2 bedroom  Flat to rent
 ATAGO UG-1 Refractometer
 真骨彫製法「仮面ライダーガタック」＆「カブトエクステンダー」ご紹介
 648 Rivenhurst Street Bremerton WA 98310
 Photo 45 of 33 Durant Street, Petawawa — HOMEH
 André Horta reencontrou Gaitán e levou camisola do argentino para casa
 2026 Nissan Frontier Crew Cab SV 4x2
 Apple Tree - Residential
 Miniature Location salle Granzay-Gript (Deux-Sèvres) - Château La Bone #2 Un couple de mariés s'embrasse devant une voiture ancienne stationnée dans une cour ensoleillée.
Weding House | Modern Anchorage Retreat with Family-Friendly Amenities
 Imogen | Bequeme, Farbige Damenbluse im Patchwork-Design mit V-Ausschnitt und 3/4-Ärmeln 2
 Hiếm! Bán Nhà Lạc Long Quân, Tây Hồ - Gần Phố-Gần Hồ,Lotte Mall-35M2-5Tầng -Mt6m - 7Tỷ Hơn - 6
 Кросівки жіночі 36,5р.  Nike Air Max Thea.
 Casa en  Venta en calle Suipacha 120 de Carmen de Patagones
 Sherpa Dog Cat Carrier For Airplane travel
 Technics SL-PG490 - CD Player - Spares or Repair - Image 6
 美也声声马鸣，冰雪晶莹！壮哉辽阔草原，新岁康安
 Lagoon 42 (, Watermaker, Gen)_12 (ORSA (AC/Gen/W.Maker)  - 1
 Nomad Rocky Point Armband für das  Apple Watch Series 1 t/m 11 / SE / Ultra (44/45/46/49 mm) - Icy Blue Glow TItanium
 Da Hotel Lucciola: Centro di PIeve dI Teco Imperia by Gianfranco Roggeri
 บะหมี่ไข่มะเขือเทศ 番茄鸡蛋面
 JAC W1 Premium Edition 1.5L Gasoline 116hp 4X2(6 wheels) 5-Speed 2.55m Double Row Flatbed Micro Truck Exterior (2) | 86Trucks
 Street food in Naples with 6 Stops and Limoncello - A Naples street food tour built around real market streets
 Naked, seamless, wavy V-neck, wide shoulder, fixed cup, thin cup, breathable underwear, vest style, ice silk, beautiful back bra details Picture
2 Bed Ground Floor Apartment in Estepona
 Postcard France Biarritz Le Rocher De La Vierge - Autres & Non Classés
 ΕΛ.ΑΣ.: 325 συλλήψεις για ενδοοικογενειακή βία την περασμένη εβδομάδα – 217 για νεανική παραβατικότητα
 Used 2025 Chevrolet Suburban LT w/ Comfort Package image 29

Activity ▸
Please show every line of the entries above that contains the word "with".

Answer ▸
Weding House | Modern Anchorage Retreat with Family-Friendly Amenities
 Street food in Naples with 6 Stops and Limoncello - A Naples street food tour built around real market streets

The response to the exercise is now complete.